Does that mean or guarantee a team from the conference will win the national championship or the conference will send three teams to the Final Four in April? Not necessarily. But this season (unlike 2006, 2008 and 2010, when eight Big East teams were invited to the Dance and they ended up underrepresenting themselves by the second and third weeks) in order to seize the ring, teams are going to have to go through "The 10" to get the crown. This season won't be like the recent past.
It also means that if/when that many (or more) teams from the conference do get into this season's final 68, Billy Packer and Dick Vitale won't have to publicly defend why the selection committee "favors" the Big Ten so much. The interleague play and battles within will justify itself. Silence all haters.
Smith explained: "I think the players make the difference, but having said that, this league also has outstanding coaches. We (the league) have been able to keep our players in the league and that is one of the keys to the success and I think that is why the league's power rating has been so high."
Also, there's the convergence of basketball pedigree: Outside of the Zeller family DNA that Cody brings to Indiana, former NBA greats Timmy Hardaway and Glen Robinson both have sons (Tim Hardaway Jr., Glen Robinson III) who play for Michigan, Memphis Grizzlies head coach and former NBA point guard Lionel Hollins' son (Austin Hollins) plays for Minnesota, former NBA and all-around basketball legend Charlie Scott's son (Shannon Scott) plays for Ohio State.

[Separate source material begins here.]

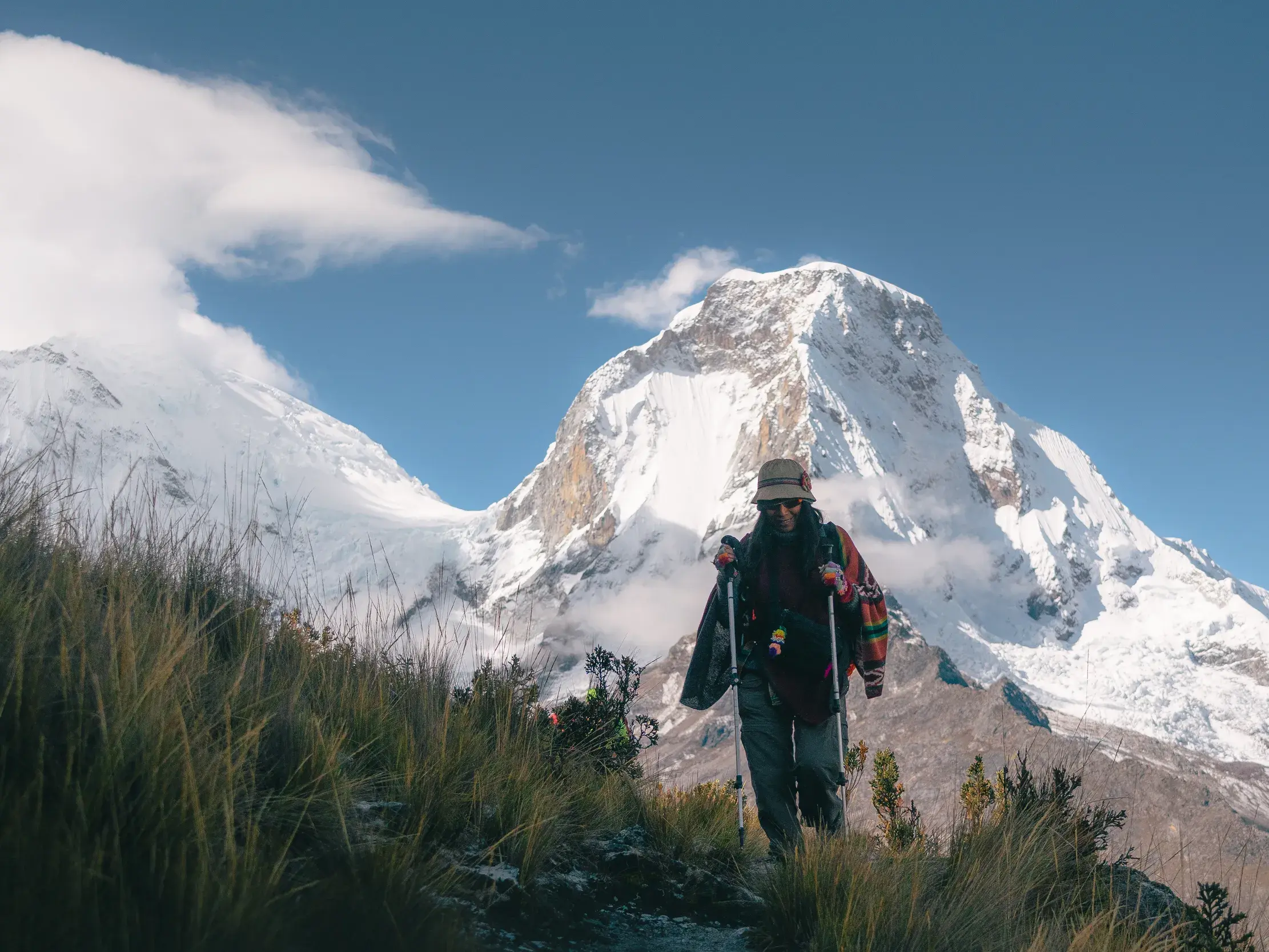 Eine Wanderin mit Trekkingstöcken und Rucksack auf einem schmalen Pfad in der Berglandschaft der Cordillera Blanca in Peru.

So this is not a coming-out party for college basketball's "boss" conference as much as it is an early affirmation. Although the league has won only one championship in the past two decades (Michigan State, 2000), the Big Ten's time has returned. The confidence the ACC, Big 12, Florida and Kentucky of the SEC and elite mid-majors such as Butler, Gonzaga, VCU, George Mason have exuded over the past few seasons now belongs to the conference that is still identified in many people's minds as the conference that Bobby Knight built.
Prominence. Dominance. Subject pronouns.
How long will this newfound conspicuity last? Only time, All-American recruits and the number of players who don't exit for the NBA will decide. It could easily be a conference version of a one-and done or it could be the beginning of college basketball's next era.
Who knows. But over the next three months the teams of the Big Ten are either going to provide us with a definitive answer or be the definitive answer.